VCAB3() for high tolerance problems
Tsit5() for high tolerance problems where VCAB3() fails
In all other cases, follow the recommendation given in OrdinaryDiffEq.jl documentation

Sensitivity Analysis

For MultiScaleNeuralODE, we default to GaussAdjoint(; autojacvec = ZygoteVJP()). A faster alternative would be BacksolveAdjoint(; autojacvec = ZygoteVJP()) but there are stability concerns for using that. Follow the recommendation given in SciMLSensitivity.jl documentation.
For Steady State Problems, we default to SteadyStateAdjoint(; linsolve = SimpleGMRES(; blocksize, linsolve_kwargs = (; maxiters=10, abstol=1e-3, reltol=1e-3))). This default will perform poorly on small models. It is recommended to pass sensealg = SteadyStateAdjoint() or sensealg = SteadyStateAdjoint(; linsolve = LUFactorization()) for small models.

Standard Models

DeepEquilibriumNetworks.DeepEquilibriumNetwork — Type

DeepEquilibriumNetwork(model, solver; init = missing, jacobian_regularization=nothing,
    problem_type::Type=SteadyStateProblem{false}, kwargs...)

Deep Equilibrium Network as proposed in (Bai et al., 2019) and (Pal et al., 2022).

Arguments

model: Neural Network.
solver: Solver for the rootfinding problem. ODE Solvers and Nonlinear Solvers are both supported.

Keyword Arguments

init: Initial Condition for the rootfinding problem. If nothing, the initial condition is set to zero(x). If missing, the initial condition is set to WrappedFunction(zero). In other cases the initial condition is set to init(x, ps, st).
jacobian_regularization: Must be one of nothing, AutoForwardDiff, AutoFiniteDiff or AutoZygote.
problem_type: Provides a way to simulate a Vanilla Neural ODE by setting the problem_type to ODEProblem. By default, the problem type is set to SteadyStateProblem.
kwargs: Additional Parameters that are directly passed to SciMLBase.solve.

Example

julia> model = DeepEquilibriumNetwork(
           Parallel(+, Dense(2, 2; use_bias=false), Dense(2, 2; use_bias=false)),
           VCABM3(); verbose=false);

julia> rng = Xoshiro(0);

julia> ps, st = Lux.setup(rng, model);

julia> size(first(model(ones(Float32, 2, 1), ps, st)))
(2, 1)

source

DeepEquilibriumNetworks.SkipDeepEquilibriumNetwork — Function

SkipDeepEquilibriumNetwork(model, [init=nothing,] solver; kwargs...)

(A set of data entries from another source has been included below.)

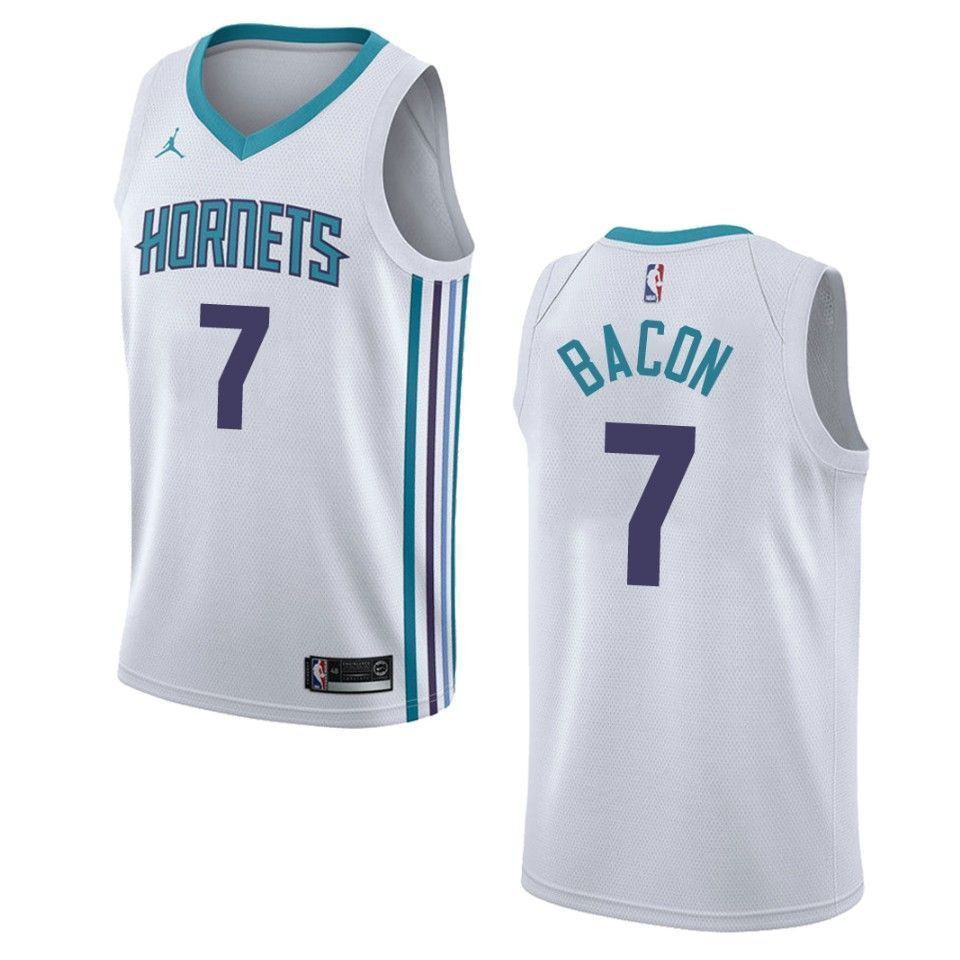Men's Charlotte Hornets 7 Dwayne Bacon Association Swingman Jersey - White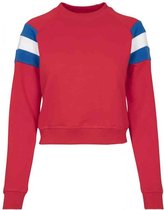 Urban Classics Sweater/trui -L- Sleeve Stripe Crew Rood/Blauw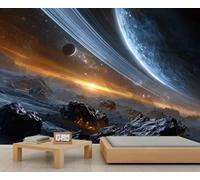 Papier Peint Panoramique Thème Spatial Papier Peint Cosmos Ciel Étoilé Poster Geant Mural Planètes Galaxie pour Salon Chambre Chambre Restaurant Décoration Murale 300 X 240 cm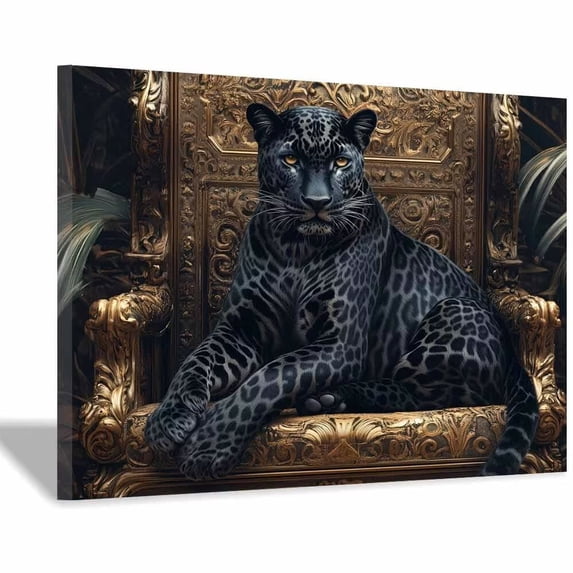 Black Leopard Gold Throne Canvas Wall Art, Luxury Animal Prints Painting for Living Room Bedroom Office Decor, Framed Ready to Hang Ready to hang-30"L x 20"W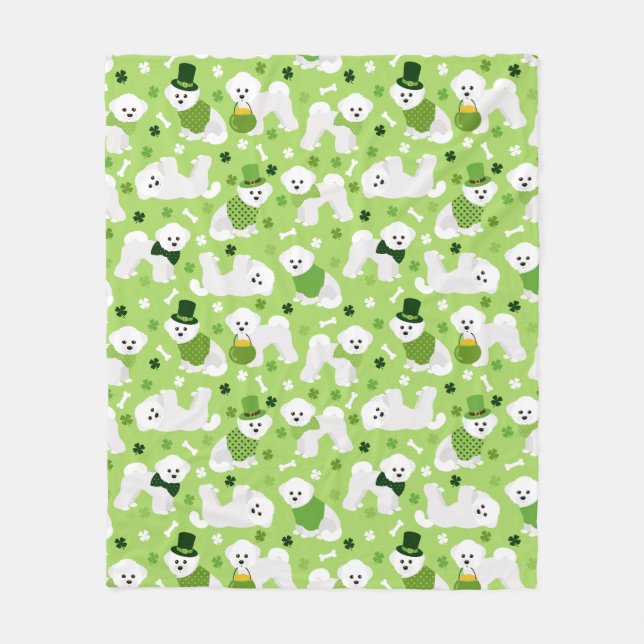 St. Patrick's Day Bichon Frise Fleece Blanket (Front)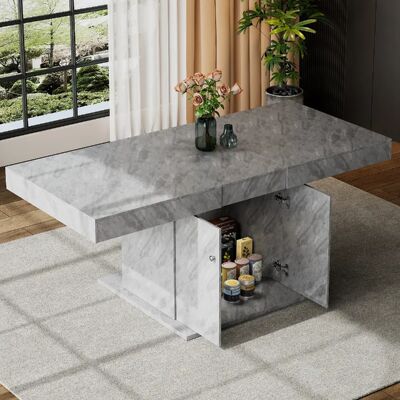 Merax Table à manger extensible - Gris béton - Publicité Merax Table à manger extensible - Gris béton - Publicité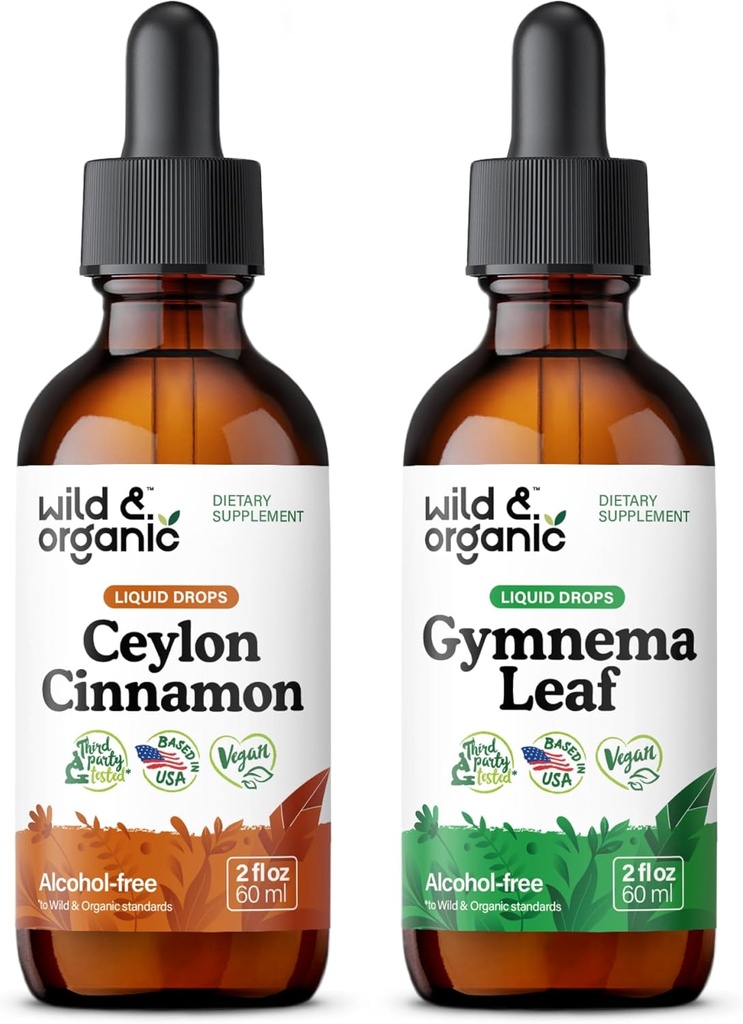 Wild & Organic Ceylon Cinnamon Ticture 2 fl oz & Gymnema Leaf Tincture 2 fl oz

Skip Deep Equilibrium Network as proposed in (Pal et al., 2022). Alias which creates a DeepEquilibriumNetwork with init kwarg set to passed value.

source

MultiScale Models

DeepEquilibriumNetworks.MultiScaleDeepEquilibriumNetwork — Function

MultiScaleDeepEquilibriumNetwork(main_layers::Tuple, mapping_layers::Matrix,
    post_fuse_layer::Union{Nothing, Tuple}, solver,
    scales::NTuple{N, NTuple{L, Int64}}; kwargs...)

Multi Scale Deep Equilibrium Network as proposed in (Bai et al., 2020).

Arguments

main_layers: Tuple of Neural Networks. Each Neural Network is applied to the corresponding scale.
mapping_layers: Matrix of Neural Networks. Each Neural Network is applied to the corresponding scale and the corresponding layer.
post_fuse_layer: Neural Network applied to the fused output of the main layers.
solver: Solver for the rootfinding problem. ODE Solvers and Nonlinear Solvers are both supported.
scales: Scales of the Multi Scale DEQ. Each scale is a tuple of integers. The length of the tuple is the number of layers in the corresponding main layer.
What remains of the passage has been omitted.